I’ve been struggling with this for years. My ego doesn’t demand it, and I know, really I do, that it’s not about the bouquets or the fancy dinners out, neither of which I get anyway. At the core of it is the thing that kids feel all the time: The reality of being left out, simply as a result of your circumstances, and the inherent insecurity that goes along with it.

So do I just ignore it? Not possible, if you’re part of a social ecosystem in which every parent posts a gauzy, giddy photo of breakfast in bed with hashtag #blessed.

I am a mother 365 days a year. I am a mother 24 hours a day. On this planet, there is no other adult who loves my child with as much passion and depth as much as I do, because the only other person who would have been in that position is dead. My son and I are a two-person unit and most days, that’s enough. Not on Mother’s Day, when the pressure to be exalted just feels too overwhelming.

So do I passive-aggressively guilt my child, now 10, into doing something special for me, be it getting candy or painting a picture? Gross. It’s not his job to be my emotional support system, or make me feel better about specific life choices I made, like my decision to not date.

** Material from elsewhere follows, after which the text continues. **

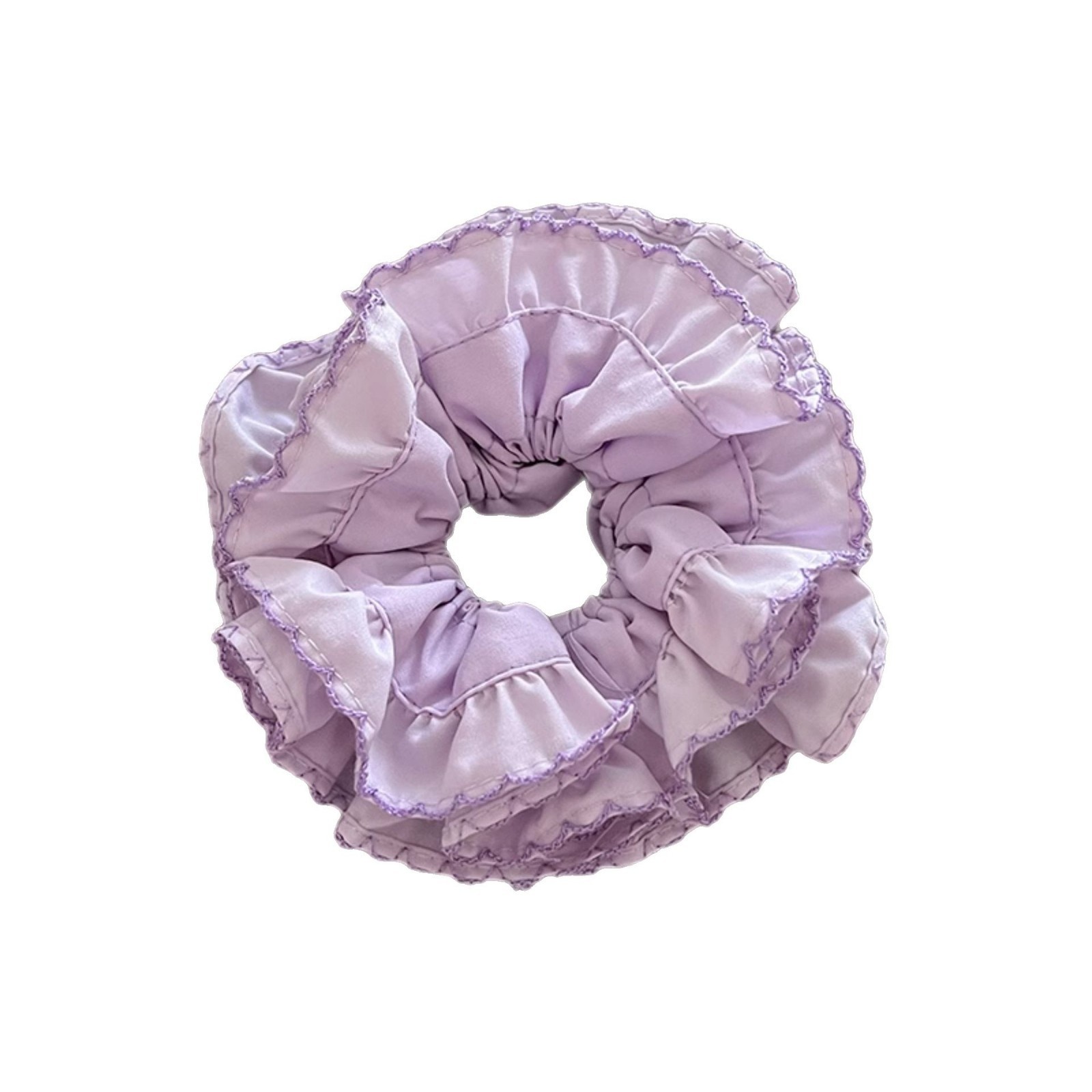 Women's Elegant French Lace Embroidery Ruched Hairband Gentle Purple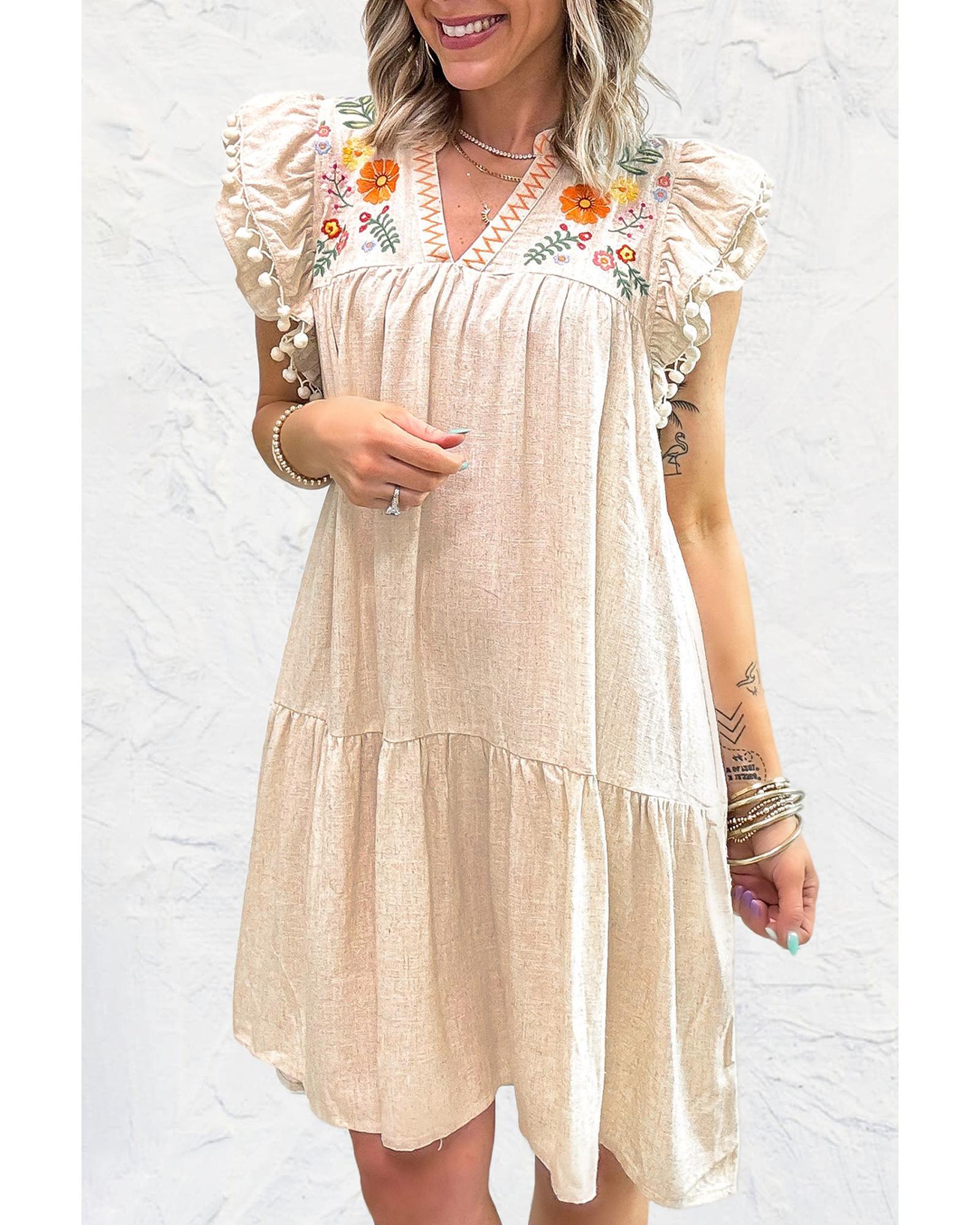 Jet Stream Linen Embroidery Split Neck Pom Pom Ruffle Sleeves Flowy Short Dress - M 4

His job, which he’s performing with aplomb, is to coast through his childhood as a self-absorbed, exuberant, happy kid who loves soccer, swords, and his cats. In that order.

So that leaves me relying on the kindness of friends. And it’s a strange thing, to toggle between utter gratitude that I have people in my life who value me enough to invite me into their homes for intimate meals (especially during a pandemic) and a deep-seated, ugly sense of bitterness that I am in this position at all. Do my friends invite me out of a sense of duty or, even worse, pity? I don’t know, I don’t want to know, and I don’t know that it matters. Because if they didn’t reach out and include me, I’d be home watching “Real Housewives” reruns and wondering how I get here. My friends joke that yet again, their husbands forgot to even order bagels, that it’s a fake event created by retailers to make money. Maybe it’s true. It doesn’t make me feel less isolated.

And on Mother’s Day, I am starkly reminded of that fact, that despite having deeply supportive and inclusive friends and family, I’m doing this alone.